事例集では、「闇バイト」に応募してから逮捕されるまでの経緯について、検挙された少年たちの証言を交えて解説しています。

応募する際に多いのは、みずからSNSなどで「高額報酬」などと検索するケースで、
▽「SNSに『お金に困っている』という書き込みをしたら、犯行グループから『働いてみないか。大金を稼げる仕事がある』とメッセージが届いた」とか、
▽「副業募集のアカウントを作ったら、海外の荷物の受け取りに関する仕事を紹介するというメッセージが届いた」といった実例が紹介されています。

応募すると、続いて犯行グループから秘匿性の高い通信アプリ「テレグラム」や「シグナル」を入れて、やりとりするように指示されます。

その後、「アルバイトをするための登録情報として必要だ」などと個人情報を送るように求められ、保険証や住民票、顔写真に加え、家族構成や勤務先、交際相手の情報などをことば巧みに聞き出してくるといいます。

こうした個人情報を送信すると、仕事の詳細が伝えられますが、詐欺だと気付いてやめようとすると、その個人情報をもとに脅されます。

中には、
▽「警察に捕まるリスクが大きいと思い断ると、『自宅に押しかける。母親から狙う』と脅された」とか、
▽「途中で詐欺だと気付き、やめたいと言ったら、『家族全員殺す』などと脅迫された」といった証言があり、
犯行グループの末端として加担せざるをえなくなる状況に追い込まれるのです。

さらに、
▽2回目の仕事を断ったところ、「この前の荷物はおばあさんからだまし取ったお金だ。詐欺の運び屋に加担したな。あなたの顔写真や住所を知っているので逃げられない」などと脅迫されたケースもあり、
一度加担すると、逮捕されるまで抜けられなくなるということです。

警察庁は「怪しいバイトに応募してしまったなど、少しでも不安に感じることがあれば、警察に相談することで、犯罪への加担を未然に防ぐことができる」としています。

「闇バイト」募集は大手求人サイトでも

闇バイトの募集はSNSだけでなく、大手求人サイトでも行われていたことがわかっています。

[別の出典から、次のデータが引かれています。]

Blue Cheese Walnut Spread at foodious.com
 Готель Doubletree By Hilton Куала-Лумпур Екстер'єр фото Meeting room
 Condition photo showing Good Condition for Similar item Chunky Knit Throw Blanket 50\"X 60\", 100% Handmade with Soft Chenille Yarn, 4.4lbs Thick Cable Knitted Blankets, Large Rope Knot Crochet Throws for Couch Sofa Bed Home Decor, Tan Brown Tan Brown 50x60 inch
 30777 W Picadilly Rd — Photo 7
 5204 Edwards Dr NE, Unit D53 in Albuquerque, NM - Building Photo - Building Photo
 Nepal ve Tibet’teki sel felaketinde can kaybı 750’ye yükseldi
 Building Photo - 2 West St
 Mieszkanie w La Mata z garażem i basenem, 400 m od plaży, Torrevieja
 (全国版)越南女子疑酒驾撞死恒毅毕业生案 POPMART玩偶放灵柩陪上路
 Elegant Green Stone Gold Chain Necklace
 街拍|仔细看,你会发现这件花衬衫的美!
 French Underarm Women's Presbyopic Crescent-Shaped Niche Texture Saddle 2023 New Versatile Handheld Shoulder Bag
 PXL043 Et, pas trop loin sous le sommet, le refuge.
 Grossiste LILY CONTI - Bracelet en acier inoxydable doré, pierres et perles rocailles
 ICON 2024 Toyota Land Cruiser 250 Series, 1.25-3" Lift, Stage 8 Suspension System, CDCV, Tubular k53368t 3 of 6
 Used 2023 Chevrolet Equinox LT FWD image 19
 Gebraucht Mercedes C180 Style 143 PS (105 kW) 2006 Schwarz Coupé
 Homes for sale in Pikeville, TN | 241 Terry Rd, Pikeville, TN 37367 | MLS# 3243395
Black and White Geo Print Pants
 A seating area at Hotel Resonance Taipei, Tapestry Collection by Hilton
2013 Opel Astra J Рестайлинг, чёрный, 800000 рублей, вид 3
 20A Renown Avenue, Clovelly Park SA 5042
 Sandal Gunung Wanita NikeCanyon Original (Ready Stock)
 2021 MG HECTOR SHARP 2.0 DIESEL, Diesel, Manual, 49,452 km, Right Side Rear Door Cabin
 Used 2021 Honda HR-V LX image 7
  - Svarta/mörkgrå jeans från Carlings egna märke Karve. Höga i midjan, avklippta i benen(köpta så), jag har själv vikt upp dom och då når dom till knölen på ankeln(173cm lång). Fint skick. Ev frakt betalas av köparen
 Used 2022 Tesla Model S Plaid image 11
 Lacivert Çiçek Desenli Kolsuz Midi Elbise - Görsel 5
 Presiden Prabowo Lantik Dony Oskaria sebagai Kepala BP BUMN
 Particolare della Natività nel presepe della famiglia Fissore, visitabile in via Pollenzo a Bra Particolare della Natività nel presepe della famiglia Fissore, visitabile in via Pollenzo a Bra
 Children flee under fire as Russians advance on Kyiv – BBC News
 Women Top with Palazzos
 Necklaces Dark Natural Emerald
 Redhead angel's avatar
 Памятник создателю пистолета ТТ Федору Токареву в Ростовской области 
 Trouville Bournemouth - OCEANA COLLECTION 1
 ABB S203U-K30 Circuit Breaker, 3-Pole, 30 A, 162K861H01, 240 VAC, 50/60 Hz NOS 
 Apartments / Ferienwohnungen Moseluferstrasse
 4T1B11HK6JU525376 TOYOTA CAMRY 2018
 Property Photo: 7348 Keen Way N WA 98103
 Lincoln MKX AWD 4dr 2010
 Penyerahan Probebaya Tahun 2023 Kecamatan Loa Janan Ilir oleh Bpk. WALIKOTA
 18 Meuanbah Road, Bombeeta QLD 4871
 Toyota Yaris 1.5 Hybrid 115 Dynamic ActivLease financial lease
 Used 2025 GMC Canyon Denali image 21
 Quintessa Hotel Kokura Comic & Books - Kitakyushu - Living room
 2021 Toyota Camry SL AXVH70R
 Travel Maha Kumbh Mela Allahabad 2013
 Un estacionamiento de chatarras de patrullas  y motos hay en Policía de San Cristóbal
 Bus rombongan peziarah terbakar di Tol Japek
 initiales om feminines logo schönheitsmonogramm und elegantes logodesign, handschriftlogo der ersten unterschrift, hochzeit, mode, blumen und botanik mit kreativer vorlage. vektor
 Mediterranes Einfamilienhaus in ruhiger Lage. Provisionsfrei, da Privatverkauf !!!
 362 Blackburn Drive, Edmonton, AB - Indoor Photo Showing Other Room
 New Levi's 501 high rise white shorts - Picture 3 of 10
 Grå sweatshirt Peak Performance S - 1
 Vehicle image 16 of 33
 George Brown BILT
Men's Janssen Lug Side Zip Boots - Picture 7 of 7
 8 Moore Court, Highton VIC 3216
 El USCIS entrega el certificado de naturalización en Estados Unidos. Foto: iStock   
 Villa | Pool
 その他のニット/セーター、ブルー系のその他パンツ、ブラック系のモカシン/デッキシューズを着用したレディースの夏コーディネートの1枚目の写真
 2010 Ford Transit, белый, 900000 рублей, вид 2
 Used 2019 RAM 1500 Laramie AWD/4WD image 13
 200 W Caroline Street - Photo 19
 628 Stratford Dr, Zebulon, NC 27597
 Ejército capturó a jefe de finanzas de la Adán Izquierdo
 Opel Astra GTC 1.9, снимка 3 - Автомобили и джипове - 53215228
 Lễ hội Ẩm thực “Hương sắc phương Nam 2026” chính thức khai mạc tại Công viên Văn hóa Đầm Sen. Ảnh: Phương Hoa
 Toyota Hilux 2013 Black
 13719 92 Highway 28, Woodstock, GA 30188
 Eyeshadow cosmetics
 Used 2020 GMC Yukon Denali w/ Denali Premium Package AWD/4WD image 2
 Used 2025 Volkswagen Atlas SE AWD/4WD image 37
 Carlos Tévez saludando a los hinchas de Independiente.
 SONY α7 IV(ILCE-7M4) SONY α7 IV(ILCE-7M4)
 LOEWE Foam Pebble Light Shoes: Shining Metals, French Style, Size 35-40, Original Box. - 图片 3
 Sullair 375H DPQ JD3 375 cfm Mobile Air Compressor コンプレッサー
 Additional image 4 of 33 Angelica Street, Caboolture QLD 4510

警察庁によりますと、ことし1月までの1年余りで、特殊詐欺に関わったとして東京や愛知など7都県の警察に検挙された男女38人は、大手求人サイトで実行役の募集に応募していました。

募集広告では、仕事内容について、「配送」や「宅配」「ハンドキャリー」などと紹介されたうえで、応募すると、秘匿性の高い通信アプリに切り替えて連絡をとるように指示されたということです。

警察庁は厚生労働省などと連携し、求人サイトの運営会社に違法な求人の削除やチェックを働きかけるなど、対策を強化しています。

また、SNSや求人サイトなどに記載された、高額の報酬の支払いをうかがわせる内容に加えて、「受け子」や「出し子」、それらを示す隠語の「UD」、それに「運び屋」「荷受け」といった単語を含む書き込みについて、サイトの管理者に削除するよう要請する対策を、早ければ来月から始めることにしています。